6.3.2 Perfect Black Bodies and Radiation

In this lesson, we will explore the concept of radiation emitted by all bodies and how the intensity and wavelength distribution of this emission depend on the body's temperature.

Emission of Radiation

All bodies, regardless of their composition, emit radiation. This process is known as thermal radiation.

• The intensity and wavelength distribution of the emitted radiation depend on the temperature of the body.
• Hotter bodies emit more intense radiation, with a distribution that peaks at shorter wavelengths.

Absorption and Emission Equilibrium (HT only)

A body at a constant temperature absorbs radiation at the same rate as it emits radiation, establishing an equilibrium. When a body absorbs radiation faster than it emits radiation, its temperature increases.

Factors Influencing Earth's Temperature (HT only)

The temperature of the Earth is determined by various factors, including:

• Rates of Absorption and Emission: The balance between the incoming radiation absorbed from the Sun and the radiation emitted by the Earth affects its overall temperature.
• Reflection of Radiation: The reflection of solar radiation by the Earth's surface and atmosphere plays a role in controlling the amount of energy absorbed.

Temperature and Radiation Balance (HT only)

The temperature of a body is related to the balance between the incoming radiation absorbed and the radiation emitted.

• Everyday Examples: Examples from everyday life include a cup of coffee cooling down or a warm object reaching room temperature.

Radiation and Earth's Temperature (HT only)

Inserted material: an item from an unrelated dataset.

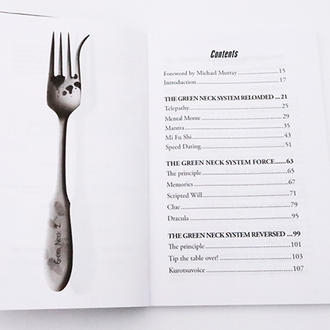 The Green Neck System 2 by Gabriel Werlen & Marchand de trucs & Mindbox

• Solar Radiation: The Sun emits electromagnetic radiation, with a significant portion falling within the visible and infrared spectra, which interacts with the Earth's atmosphere and surface.
• Greenhouse Effect: Certain atmospheric gases, known as greenhouse gases, absorb and re-emit infrared radiation, trapping heat in the Earth's atmosphere and contributing to the overall temperature rise.

Conclusion

All bodies emit radiation, and the intensity and wavelength distribution of this emission depend on the body's temperature. A body at a constant temperature absorbs radiation at the same rate as it emits radiation, maintaining an equilibrium. The temperature of a body is determined by the balance between incoming radiation absorbed and radiation emitted.